The South Carolina Warriors were a semi-professional basketball team based in Myrtle Beach, South Carolina. It was an expansion franchise team of the American Basketball Association in the Mid-Atlantic Conference. The team began play in the 2011–12 season.

Team history
In early August 2011, The American Basketball Association (ABA) announced that it has added the South Carolina Warriors, an expansion team in Myrtle Beach, South Carolina, for its 2011–2012 season. The South Carolina Warriors would be owned by Indianapolis-based Platinum Entertainment Group LLC/Dymond Recodz (PEG) and would have its first home game at the Myrtle Beach Convention Center.

On November 24, 2011, the team announced that starting December 3, 2011, all of the team's home games would be played at the Little River Recreation Center.

On February 25, 2012, the team was sold. It had been owned and operated by Tony Bennett through two different companies. It was sold to a couple investors in South Carolina.
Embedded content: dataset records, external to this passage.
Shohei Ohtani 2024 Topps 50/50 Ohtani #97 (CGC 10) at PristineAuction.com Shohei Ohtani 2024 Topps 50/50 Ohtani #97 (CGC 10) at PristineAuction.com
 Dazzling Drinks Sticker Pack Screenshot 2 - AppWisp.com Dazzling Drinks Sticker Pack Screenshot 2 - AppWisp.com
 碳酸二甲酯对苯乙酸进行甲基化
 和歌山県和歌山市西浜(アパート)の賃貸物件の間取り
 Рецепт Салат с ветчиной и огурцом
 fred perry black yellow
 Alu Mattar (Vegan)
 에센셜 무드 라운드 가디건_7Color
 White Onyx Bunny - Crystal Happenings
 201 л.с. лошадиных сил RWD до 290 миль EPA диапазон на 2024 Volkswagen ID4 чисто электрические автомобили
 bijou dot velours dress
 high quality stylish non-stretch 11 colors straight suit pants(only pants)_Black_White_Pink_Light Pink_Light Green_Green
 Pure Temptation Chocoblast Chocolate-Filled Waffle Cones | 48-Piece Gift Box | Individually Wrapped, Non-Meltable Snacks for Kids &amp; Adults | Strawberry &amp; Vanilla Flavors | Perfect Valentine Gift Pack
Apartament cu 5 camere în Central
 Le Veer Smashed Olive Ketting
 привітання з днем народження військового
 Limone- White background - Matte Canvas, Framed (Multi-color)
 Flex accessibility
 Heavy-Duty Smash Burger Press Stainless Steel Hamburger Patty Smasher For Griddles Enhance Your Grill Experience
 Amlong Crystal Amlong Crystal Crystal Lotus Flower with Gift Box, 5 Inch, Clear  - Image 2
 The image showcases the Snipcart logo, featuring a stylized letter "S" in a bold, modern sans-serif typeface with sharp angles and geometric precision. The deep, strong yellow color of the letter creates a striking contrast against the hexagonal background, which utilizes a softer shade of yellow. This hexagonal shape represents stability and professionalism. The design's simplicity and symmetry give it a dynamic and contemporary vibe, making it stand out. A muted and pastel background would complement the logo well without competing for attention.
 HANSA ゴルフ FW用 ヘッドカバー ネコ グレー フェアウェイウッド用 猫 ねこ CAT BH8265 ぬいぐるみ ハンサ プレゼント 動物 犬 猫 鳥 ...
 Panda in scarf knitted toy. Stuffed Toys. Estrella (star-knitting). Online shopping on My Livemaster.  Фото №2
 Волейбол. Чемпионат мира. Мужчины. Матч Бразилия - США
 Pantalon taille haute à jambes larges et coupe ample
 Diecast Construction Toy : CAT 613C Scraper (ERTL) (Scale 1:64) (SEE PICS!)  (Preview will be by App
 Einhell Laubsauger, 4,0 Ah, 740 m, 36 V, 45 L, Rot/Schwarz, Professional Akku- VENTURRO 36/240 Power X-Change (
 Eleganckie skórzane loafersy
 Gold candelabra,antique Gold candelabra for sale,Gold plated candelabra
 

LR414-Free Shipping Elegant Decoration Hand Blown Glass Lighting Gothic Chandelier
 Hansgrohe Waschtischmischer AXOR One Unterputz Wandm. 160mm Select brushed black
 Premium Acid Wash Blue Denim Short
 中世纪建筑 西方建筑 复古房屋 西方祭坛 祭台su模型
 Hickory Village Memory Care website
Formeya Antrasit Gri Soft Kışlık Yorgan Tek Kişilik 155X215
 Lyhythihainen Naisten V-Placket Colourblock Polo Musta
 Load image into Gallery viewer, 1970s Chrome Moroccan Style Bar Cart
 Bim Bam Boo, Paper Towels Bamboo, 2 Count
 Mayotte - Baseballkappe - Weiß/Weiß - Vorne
In their inaugural season, The Warriors won every game in the regular season, then beat the Carolina Cheetahs in the playoffs, Lynchburg Legends in the Mid Atlantic Championship, Connecticut Topballers in the ABA Elite Eight, the North Dallas Vandals and Jacksonville Giants for a 29–0 record before losing 2–0 in a best-of-three series to the Jacksonville Giants in the ABA finals.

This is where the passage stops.